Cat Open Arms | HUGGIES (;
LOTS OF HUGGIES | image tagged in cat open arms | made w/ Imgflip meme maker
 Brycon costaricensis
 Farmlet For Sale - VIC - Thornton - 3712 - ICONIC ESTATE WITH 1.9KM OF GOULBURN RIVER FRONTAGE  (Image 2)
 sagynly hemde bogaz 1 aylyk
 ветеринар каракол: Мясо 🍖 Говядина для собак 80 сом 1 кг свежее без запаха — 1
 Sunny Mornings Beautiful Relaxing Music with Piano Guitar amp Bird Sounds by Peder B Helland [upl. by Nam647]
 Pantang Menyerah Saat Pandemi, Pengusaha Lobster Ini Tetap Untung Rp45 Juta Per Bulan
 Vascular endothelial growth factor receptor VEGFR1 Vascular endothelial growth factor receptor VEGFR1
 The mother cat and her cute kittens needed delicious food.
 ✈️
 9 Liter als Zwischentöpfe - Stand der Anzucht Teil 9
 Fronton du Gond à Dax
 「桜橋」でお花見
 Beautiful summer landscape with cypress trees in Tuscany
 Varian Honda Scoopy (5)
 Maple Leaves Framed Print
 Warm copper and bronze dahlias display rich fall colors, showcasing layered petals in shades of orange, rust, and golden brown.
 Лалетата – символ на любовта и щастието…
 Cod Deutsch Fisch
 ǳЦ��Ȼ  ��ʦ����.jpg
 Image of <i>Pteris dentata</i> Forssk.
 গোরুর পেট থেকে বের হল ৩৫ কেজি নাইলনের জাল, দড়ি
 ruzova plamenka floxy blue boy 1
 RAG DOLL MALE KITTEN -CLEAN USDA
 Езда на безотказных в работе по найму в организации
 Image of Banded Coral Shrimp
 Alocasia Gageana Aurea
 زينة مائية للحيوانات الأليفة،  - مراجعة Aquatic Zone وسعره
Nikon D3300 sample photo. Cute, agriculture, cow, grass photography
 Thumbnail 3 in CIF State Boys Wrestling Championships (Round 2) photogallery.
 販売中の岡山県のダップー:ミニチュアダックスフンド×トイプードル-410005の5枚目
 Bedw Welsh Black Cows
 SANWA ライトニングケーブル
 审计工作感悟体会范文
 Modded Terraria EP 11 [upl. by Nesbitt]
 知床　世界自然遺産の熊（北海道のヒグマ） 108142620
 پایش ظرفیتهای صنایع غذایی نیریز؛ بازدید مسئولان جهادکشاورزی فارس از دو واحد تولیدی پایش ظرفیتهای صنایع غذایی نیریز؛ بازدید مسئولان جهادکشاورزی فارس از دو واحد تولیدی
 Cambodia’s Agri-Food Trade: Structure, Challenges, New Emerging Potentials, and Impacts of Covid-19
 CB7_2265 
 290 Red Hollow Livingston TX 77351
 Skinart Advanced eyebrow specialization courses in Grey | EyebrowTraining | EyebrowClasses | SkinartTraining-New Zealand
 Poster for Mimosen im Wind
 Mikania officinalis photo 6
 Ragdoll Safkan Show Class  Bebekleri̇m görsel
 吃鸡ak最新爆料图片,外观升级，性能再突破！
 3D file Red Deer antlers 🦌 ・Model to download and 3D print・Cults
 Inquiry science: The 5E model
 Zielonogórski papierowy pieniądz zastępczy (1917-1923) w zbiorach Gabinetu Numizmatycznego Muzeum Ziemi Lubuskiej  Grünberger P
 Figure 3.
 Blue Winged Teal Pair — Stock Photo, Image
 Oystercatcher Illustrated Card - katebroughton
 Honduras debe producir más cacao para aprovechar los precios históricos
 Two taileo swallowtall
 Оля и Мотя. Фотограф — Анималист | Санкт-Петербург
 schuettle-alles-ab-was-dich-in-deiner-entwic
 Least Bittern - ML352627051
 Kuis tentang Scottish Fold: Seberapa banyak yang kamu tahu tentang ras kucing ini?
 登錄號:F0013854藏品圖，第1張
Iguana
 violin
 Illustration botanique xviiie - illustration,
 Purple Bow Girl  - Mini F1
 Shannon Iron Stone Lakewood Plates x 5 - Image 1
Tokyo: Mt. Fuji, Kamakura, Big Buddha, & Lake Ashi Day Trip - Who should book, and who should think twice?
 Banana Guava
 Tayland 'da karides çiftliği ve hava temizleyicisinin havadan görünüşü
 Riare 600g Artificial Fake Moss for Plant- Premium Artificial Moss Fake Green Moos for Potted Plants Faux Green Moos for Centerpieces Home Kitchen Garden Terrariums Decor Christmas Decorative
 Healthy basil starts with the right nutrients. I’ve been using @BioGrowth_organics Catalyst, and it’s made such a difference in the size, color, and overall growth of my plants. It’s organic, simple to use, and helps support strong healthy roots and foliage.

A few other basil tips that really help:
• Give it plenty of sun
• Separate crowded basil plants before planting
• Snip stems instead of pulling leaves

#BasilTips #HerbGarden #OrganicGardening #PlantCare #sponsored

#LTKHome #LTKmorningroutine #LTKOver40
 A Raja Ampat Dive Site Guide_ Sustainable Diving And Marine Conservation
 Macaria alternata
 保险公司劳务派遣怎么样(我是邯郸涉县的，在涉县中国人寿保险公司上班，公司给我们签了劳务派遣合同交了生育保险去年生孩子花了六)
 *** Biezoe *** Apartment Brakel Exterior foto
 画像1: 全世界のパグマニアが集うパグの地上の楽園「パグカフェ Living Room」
--------------------
- **How to complete this task**: Repeat the entries above verbatim, but only from the line that has "Image of Banded Coral Shrimp" down to the line that has "知床　世界自然遺産の熊（北海道のヒグマ） 108142620", inclusive.

- **Expected output**:
 Image of Banded Coral Shrimp
 Alocasia Gageana Aurea
 زينة مائية للحيوانات الأليفة،  - مراجعة Aquatic Zone وسعره
Nikon D3300 sample photo. Cute, agriculture, cow, grass photography
 Thumbnail 3 in CIF State Boys Wrestling Championships (Round 2) photogallery.
 販売中の岡山県のダップー:ミニチュアダックスフンド×トイプードル-410005の5枚目
 Bedw Welsh Black Cows
 SANWA ライトニングケーブル
 审计工作感悟体会范文
 Modded Terraria EP 11 [upl. by Nesbitt]
 知床　世界自然遺産の熊（北海道のヒグマ） 108142620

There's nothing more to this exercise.